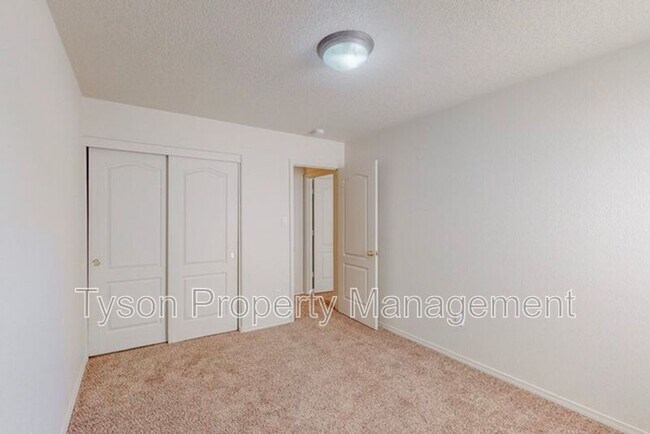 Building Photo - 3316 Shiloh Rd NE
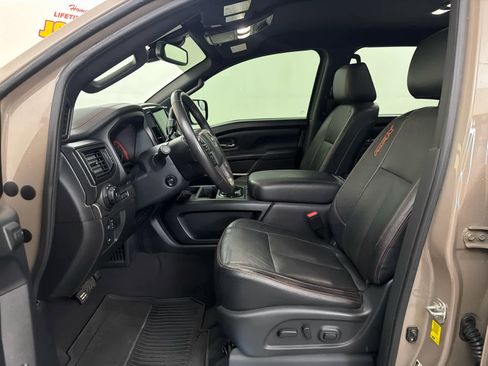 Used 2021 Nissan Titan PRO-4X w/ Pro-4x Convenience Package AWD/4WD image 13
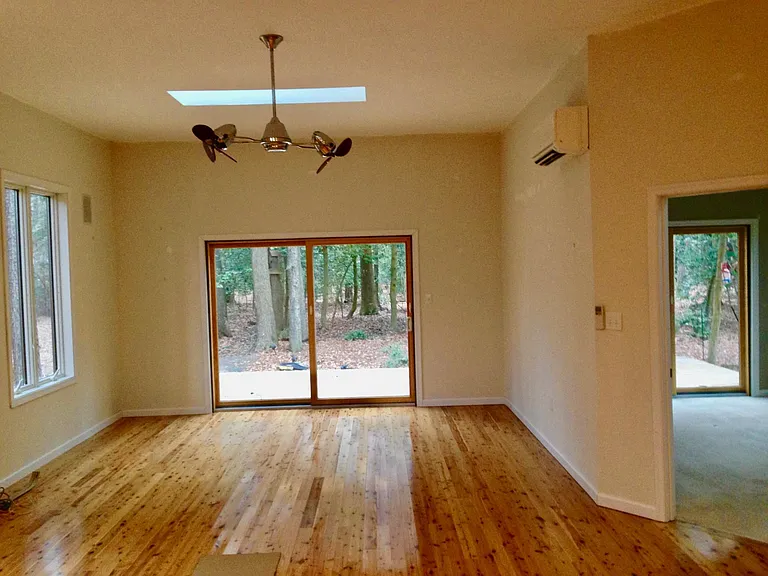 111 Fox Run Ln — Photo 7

* **WHAT IS BEING ASKED**: Every line of the material must be reproduced verbatim; the pictures are to be omitted.

* **THE COMPLETED TASK**:
 Building Photo - 3316 Shiloh Rd NE
 Used 2021 Nissan Titan PRO-4X w/ Pro-4x Convenience Package AWD/4WD image 13
 111 Fox Run Ln — Photo 7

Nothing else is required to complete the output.